Wednesday 18 January 2012

Faith in You

I am hearing the same song in two completely different places. One, a cafe in Paris over a year ago, and now here in this small cafe in an Outback town, still drinking skinny cappuccinos and trying to write a book.

Still in love with my life?

Still passionate about travel?

It seems I can't stop asking the questions. I've already gone down into the impermeable fabric of my mind, changed my own reality, saw the world through divine eyes, sat in misery and glory. I've done it all on a whirlwind, by the seat of my pants, alone and inverse to everything I had ever experienced. I've touched lives and been touched. I've crawled, clawed, drank, danced, ran and cycled my way around the world - to this very moment here. The bottom of this cup, it's warm, bitter bubbles settling in my stomach and this hot Australian sun. The buzzing of new creatures in my ears rides along with the incessant doubt, the persistent unending questioning of self and self-hood, value and values, life itself, people and their fallibility.

Stumbling my way through a mid-dessert caravan park, Stand by Your Man echoing from inside the one of the nomadic tin-boxes, lost to the muggy darkness;

Is this art?

Or failure?

Am I after something deeper and bigger? Or running from the bigger things I can't face? Like the implied mediocrity in 'real life', expectations and potential, neither actualized nor obtained. Hidden in the underlying layers of all my academic failures and all my half completed projects was a sense that one day, one day I would come good. All these ideas, feelings of isolation and loneliness, this competitiveness, the ease in which I spin – am I not capable of more than just creating family? Am I not more then the weight of my sheets, tea towels, Sunday BBQ'S and band practice? Worth more then just a job? Colour coordinated file folders, only using pencil, call backs and out-of-office replies? Or are these just the pleas of an outcast kid, with not a lot of guidance, fighting against the wanting sense of normalcy?

I find it difficult to be alright with myself. I find it difficult to not want everyone to love and care about me. I find it difficult to let go, of people, of the past, of things that don't work. I find it difficult not to get depressed easily. I find it difficult to get up in the morning, to stay focused and passionate life; and when I lose that, I loose everything. Because what else do I have, besides my bare-foot road side gypsy dreams? This is me coming good, and I still have to drag my ass every step of the way.

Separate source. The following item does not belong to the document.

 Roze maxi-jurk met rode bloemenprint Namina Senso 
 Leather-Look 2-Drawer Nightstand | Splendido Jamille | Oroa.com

Maybe that's just the way it is. Maybe I'm not alone in that. Maybe the magic of life really is in the reflection, wrapped up in nostalgia and comparison. The best you can do sometimes is to keep exploring, keep learning, approach the newness with compassion, and even when you loose faith in it, try not to loose the faith, the world has in you.

Tuesday 17 January 2012

Rainy Reflections

That was the loudest crack of thunder I've ever heard.

There was a blink of heaviness where the energy shifted right before I heard it.

CRACK!

I thought the walls of this 100 year old Outback Pub would surely collapse under the weight of it. Now every sound has me on edge. Fight or flight, the adrenalin rush provided through our ancestry is never that far under the surface of our modern rationality.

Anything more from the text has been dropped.